Nu liggen er de resultaten van een praktijkexperiment op Schiermonnikoog, en echte depositiemetingen rond twee melkveehouderijen. Die bevestigen wat deskundigen al jaren zeggen: Aerius kan de bijdrage aan de totale depositie van een individueel bedrijf niet bepalen. Bovendien roepen deze experimenten weer nieuwe vragen op in hoeverre stikstof zich vanuit een bron door de atmosfeer verspreidt en dan neerslaat in natuurgebieden.

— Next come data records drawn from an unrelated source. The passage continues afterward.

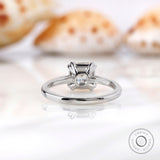 Asscher Cut Solitaire Engagement Ring, Asscher Cut Moissanite Ring, 14K White Gold Solitaire Ring, Double Claw Prong, Cathedral Rings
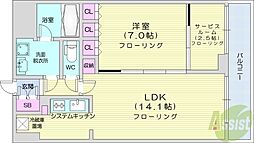 パークアクシス札幌植物園前 1SLDKの間取図画像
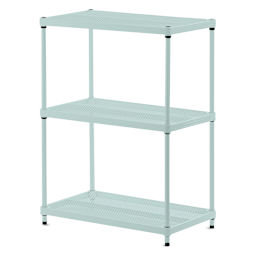 Design Ideas MeshWorks Shelving Units - Angled view of 3 shelf Sage Unit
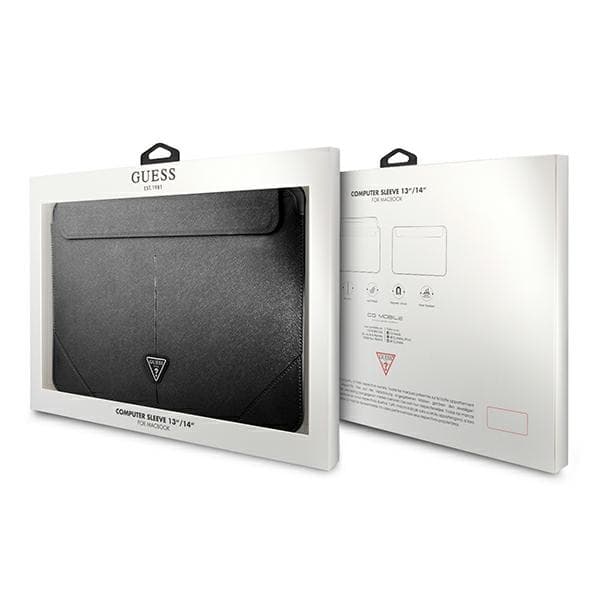 Guess Saffiano Triangle Logo Sleeve - Notebook taske 13" / 14" (sort)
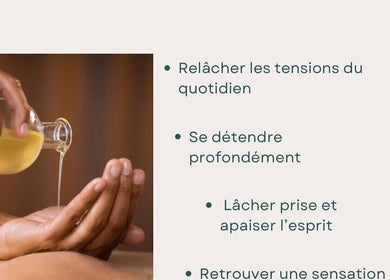 Huile de massage en cours d'application à Passion Bien-Être, Granges-paccot, Fribourg, CH pour détente profonde.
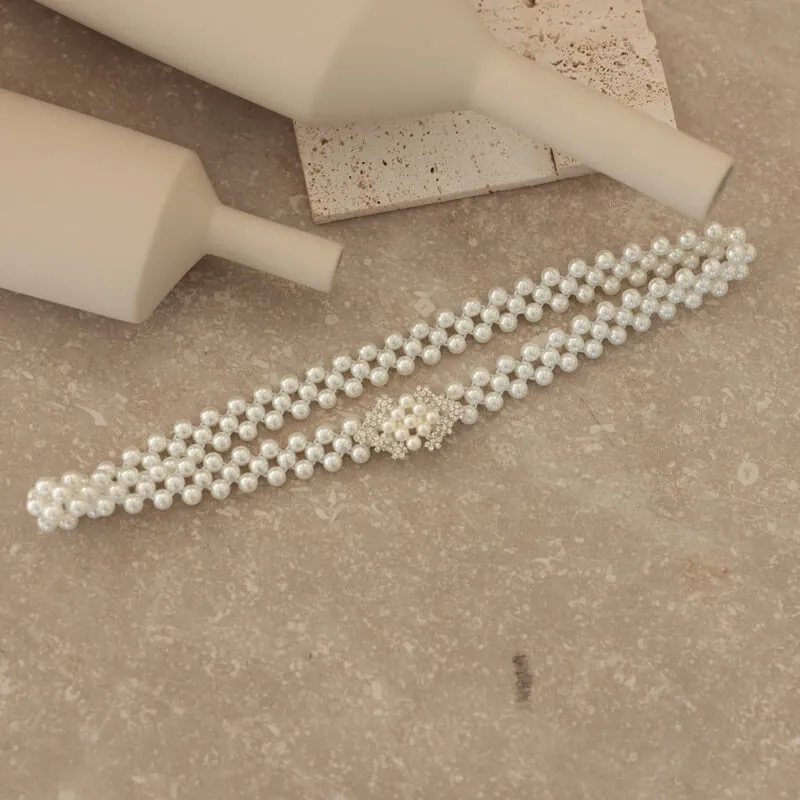 ビジューバックルのパールゴムベルト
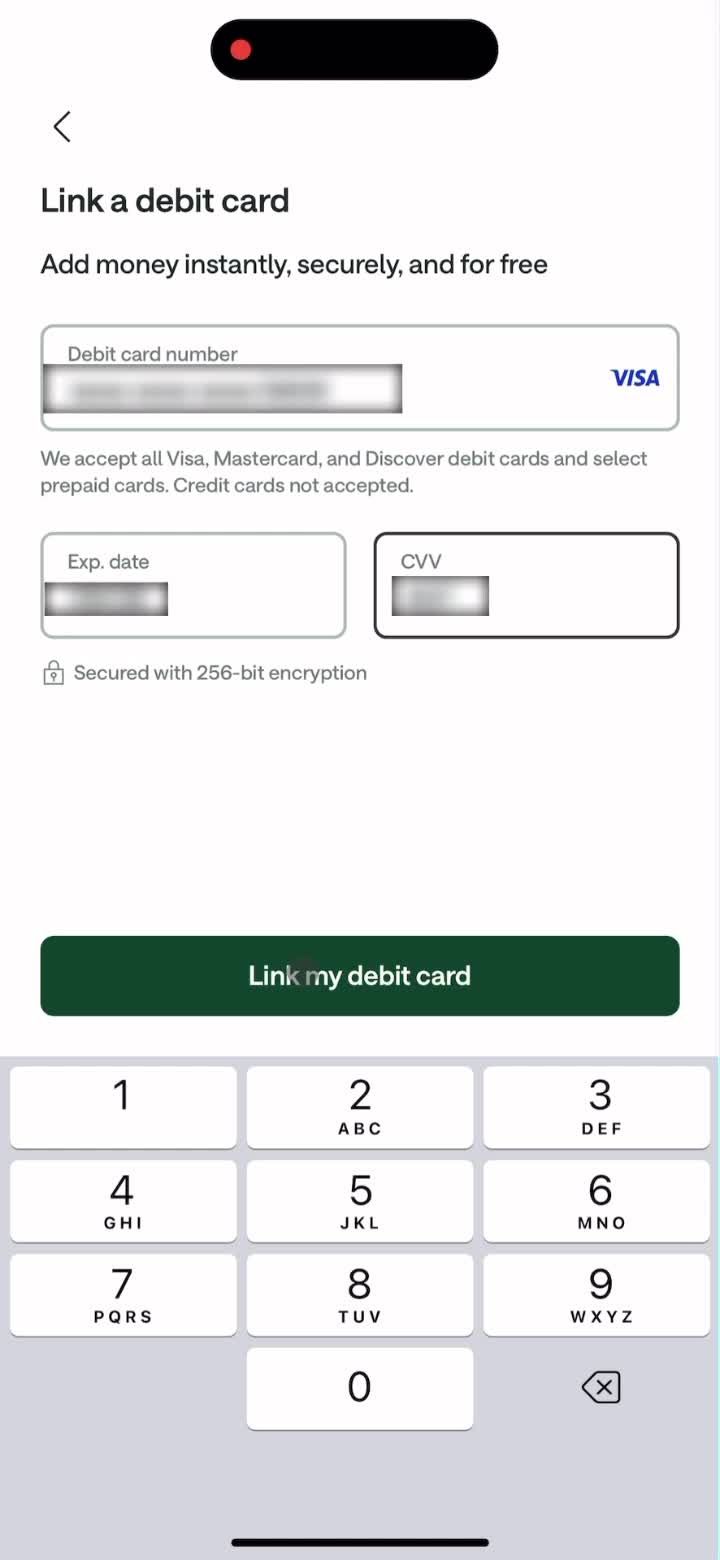 Linking a debit card screenshot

Liever een model dan experimenten en echte metingen
Het is zeer te prijzen dat er nu echte metingen zijn gedaan, onder vrij goed gecontroleerde omstandigheden. Toch zijn deze experimenten nog kleinschalig en op belangrijke punten onvolledig. Dat is niet de schuld van de onderzoekers, die moeten roeien met de riemen die ze hebben. Wetenschappelijk onderzoek kost tijd en geld, en dat moest in deze gevallen bij elkaar gescharreld worden met vrijwilligerswerk, donaties van particulieren en financiering door het Mesdag Zuivelfonds (MZF).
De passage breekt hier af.